Scan the records below, and wherever a line has the word "Jewelry", pull it out.

__________

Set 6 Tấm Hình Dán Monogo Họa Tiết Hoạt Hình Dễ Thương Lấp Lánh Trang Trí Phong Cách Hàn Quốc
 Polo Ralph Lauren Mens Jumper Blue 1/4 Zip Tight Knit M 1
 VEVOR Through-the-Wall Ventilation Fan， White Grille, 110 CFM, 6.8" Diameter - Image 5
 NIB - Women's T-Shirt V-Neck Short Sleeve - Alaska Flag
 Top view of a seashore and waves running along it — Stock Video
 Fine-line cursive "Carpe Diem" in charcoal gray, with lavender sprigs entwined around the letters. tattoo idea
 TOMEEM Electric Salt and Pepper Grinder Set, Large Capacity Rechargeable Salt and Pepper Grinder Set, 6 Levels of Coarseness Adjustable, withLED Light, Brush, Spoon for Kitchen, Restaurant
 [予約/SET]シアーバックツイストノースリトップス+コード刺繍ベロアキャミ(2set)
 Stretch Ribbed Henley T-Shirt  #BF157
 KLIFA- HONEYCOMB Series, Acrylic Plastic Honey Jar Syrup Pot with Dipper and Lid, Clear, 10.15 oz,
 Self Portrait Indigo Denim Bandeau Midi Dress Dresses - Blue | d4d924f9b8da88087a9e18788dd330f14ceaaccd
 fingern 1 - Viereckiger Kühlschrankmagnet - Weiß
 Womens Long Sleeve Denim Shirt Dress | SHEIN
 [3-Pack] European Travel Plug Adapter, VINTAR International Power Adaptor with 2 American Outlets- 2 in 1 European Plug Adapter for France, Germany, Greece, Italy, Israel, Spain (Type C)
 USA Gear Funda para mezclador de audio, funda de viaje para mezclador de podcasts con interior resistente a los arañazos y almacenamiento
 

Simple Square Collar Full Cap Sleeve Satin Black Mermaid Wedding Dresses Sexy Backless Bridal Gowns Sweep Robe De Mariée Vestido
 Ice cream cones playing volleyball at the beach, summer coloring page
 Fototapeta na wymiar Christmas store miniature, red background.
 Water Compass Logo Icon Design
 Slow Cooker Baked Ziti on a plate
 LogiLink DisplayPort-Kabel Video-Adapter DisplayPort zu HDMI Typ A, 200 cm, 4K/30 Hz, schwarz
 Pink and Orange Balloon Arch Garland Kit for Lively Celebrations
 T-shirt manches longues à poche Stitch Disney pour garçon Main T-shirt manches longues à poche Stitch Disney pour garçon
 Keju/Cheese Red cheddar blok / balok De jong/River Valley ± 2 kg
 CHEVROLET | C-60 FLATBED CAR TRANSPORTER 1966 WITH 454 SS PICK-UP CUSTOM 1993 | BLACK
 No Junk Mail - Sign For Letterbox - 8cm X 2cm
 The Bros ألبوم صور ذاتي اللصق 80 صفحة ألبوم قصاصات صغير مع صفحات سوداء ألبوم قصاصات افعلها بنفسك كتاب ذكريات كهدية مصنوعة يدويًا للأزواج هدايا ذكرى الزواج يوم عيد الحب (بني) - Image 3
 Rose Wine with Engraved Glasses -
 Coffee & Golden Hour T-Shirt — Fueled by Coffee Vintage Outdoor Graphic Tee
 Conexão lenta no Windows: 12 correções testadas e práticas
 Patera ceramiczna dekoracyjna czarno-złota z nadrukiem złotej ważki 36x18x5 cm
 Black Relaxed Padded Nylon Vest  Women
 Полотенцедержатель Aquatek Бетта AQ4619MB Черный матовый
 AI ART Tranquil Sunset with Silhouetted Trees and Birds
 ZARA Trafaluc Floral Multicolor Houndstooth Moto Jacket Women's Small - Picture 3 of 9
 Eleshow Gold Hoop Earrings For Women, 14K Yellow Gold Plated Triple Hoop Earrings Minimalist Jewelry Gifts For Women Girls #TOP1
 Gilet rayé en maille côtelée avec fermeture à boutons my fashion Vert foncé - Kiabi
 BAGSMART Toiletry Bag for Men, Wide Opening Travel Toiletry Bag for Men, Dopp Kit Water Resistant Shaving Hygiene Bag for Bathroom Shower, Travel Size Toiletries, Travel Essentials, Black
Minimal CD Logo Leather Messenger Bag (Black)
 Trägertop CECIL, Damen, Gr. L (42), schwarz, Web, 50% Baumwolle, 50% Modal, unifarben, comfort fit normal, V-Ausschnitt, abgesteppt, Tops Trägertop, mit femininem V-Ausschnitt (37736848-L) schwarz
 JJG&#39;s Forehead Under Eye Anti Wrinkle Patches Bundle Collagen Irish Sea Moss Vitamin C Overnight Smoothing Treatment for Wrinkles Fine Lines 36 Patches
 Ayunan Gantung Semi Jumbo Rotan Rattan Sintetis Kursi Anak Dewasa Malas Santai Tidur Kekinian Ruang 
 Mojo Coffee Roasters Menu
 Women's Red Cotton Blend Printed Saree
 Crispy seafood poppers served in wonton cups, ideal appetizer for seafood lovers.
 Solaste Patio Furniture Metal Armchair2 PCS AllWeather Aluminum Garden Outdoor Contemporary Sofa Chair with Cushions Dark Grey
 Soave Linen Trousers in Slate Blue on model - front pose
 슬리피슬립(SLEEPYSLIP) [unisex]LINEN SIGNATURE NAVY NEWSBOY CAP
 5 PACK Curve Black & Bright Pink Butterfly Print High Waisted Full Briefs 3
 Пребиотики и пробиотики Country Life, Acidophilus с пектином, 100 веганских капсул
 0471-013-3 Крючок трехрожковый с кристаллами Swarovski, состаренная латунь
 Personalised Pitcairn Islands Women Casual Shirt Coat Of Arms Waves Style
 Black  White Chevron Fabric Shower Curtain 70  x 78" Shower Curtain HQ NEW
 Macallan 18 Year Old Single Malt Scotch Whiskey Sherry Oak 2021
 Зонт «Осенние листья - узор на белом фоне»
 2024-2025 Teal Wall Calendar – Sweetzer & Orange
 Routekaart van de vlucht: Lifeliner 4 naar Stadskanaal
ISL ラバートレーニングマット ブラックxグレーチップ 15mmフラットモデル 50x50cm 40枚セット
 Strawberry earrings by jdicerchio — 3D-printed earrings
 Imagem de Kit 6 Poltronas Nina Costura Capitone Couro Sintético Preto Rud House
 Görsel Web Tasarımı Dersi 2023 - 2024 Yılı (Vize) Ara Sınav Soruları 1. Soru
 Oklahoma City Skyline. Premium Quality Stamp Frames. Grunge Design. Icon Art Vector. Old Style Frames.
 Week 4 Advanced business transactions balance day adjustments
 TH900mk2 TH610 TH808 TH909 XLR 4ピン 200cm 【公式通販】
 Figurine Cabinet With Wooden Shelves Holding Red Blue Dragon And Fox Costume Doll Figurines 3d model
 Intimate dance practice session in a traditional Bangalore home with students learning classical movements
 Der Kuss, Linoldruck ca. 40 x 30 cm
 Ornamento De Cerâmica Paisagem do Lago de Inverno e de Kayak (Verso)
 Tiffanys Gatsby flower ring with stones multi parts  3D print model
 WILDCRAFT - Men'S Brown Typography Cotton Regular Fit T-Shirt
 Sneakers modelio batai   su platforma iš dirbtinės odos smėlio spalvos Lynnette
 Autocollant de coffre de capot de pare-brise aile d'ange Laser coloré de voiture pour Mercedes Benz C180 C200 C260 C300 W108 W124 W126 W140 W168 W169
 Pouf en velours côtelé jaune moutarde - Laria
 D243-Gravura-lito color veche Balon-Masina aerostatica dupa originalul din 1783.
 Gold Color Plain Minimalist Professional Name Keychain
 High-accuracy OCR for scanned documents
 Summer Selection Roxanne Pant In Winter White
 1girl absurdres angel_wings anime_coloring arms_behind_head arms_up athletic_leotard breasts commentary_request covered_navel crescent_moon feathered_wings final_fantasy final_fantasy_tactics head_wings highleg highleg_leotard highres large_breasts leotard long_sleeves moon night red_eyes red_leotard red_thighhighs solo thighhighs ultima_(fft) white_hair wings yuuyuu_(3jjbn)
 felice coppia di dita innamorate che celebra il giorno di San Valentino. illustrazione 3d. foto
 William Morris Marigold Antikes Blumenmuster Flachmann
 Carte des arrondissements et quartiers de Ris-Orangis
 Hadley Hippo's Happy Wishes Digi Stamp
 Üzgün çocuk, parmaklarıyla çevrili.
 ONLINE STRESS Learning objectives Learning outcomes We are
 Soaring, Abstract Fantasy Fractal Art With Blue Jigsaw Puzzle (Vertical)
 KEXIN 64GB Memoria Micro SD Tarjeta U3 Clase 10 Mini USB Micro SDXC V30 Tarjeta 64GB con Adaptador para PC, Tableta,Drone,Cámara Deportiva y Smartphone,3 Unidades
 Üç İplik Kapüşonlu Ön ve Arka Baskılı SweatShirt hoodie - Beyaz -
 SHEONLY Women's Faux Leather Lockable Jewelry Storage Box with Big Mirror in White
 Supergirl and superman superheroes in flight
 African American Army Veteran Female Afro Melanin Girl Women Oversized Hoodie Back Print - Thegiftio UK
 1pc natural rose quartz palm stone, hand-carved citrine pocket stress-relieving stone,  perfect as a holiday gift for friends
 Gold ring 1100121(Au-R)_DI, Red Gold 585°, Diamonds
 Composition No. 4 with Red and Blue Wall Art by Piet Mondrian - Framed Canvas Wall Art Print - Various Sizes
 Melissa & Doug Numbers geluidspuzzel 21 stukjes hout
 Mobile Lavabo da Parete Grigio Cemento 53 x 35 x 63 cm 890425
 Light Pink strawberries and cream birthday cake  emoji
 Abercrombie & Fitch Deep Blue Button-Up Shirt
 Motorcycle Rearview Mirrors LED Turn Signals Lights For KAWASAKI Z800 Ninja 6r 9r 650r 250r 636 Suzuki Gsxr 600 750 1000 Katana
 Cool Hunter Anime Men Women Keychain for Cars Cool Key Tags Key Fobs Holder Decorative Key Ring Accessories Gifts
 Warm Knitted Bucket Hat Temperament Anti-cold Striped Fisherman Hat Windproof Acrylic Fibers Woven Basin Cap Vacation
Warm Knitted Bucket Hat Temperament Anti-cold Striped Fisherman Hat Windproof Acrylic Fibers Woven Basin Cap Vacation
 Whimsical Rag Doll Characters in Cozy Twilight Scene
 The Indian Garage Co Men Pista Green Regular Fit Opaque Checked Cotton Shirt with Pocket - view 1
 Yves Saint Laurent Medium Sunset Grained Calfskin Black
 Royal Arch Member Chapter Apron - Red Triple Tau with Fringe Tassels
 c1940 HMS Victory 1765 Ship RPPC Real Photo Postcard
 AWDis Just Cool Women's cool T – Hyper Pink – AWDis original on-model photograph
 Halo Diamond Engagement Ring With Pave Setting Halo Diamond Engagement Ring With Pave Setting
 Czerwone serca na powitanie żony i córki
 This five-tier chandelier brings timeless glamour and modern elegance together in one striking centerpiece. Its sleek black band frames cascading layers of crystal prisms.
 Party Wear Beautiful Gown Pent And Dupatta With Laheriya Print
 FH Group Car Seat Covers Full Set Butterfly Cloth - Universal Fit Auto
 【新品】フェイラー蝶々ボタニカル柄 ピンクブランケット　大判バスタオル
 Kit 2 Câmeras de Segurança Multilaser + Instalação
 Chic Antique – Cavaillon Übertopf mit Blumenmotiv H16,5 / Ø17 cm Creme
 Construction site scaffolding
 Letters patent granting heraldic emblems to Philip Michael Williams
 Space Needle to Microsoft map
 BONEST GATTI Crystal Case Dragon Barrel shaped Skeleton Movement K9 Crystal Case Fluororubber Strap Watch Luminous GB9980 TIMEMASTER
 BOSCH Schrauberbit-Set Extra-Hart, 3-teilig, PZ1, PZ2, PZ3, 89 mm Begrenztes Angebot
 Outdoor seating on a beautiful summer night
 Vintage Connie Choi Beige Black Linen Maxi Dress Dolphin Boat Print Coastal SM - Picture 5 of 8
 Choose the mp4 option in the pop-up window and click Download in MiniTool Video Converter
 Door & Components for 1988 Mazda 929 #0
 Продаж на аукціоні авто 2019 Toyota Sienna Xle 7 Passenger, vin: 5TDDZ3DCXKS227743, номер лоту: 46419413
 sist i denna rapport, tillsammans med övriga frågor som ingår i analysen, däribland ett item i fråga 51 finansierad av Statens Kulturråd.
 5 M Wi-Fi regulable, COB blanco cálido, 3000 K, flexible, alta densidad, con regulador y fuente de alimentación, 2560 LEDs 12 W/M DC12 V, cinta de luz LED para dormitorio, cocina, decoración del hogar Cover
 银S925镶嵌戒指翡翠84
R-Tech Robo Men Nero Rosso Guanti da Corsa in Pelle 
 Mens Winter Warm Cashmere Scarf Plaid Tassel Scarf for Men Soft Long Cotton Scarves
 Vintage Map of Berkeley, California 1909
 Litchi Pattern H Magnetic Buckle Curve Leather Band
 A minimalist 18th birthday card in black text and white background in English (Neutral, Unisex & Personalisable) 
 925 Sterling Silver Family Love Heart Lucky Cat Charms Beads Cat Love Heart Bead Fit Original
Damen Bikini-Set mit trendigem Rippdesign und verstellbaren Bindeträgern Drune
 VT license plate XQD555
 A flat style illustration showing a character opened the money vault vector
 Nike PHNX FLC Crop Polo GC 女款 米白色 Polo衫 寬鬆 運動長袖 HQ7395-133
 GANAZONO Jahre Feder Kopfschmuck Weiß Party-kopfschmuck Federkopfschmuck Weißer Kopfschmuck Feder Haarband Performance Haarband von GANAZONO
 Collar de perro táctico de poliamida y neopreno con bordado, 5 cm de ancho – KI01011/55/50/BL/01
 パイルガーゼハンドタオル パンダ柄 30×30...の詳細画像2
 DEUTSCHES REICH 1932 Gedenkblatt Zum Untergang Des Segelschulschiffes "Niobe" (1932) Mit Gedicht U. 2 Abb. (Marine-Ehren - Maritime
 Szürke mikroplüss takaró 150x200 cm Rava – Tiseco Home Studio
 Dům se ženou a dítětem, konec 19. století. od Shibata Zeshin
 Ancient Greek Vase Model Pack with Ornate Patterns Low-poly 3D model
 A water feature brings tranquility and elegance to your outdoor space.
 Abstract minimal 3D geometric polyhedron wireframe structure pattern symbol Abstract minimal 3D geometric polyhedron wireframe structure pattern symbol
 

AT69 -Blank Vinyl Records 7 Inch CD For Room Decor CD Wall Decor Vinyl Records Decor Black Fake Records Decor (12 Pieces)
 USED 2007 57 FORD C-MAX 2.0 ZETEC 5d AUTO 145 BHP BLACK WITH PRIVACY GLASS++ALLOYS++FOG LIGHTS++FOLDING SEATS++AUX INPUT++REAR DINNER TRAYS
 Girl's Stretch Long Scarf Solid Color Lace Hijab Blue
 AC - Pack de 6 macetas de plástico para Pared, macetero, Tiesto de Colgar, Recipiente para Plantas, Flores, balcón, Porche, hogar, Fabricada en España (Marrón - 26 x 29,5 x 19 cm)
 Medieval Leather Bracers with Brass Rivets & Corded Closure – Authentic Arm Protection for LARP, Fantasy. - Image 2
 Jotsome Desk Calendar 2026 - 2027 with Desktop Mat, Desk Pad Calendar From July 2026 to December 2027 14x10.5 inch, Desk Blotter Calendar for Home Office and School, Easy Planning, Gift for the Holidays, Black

__________

Your solution =>
 Eleshow Gold Hoop Earrings For Women, 14K Yellow Gold Plated Triple Hoop Earrings Minimalist Jewelry Gifts For Women Girls #TOP1
 SHEONLY Women's Faux Leather Lockable Jewelry Storage Box with Big Mirror in White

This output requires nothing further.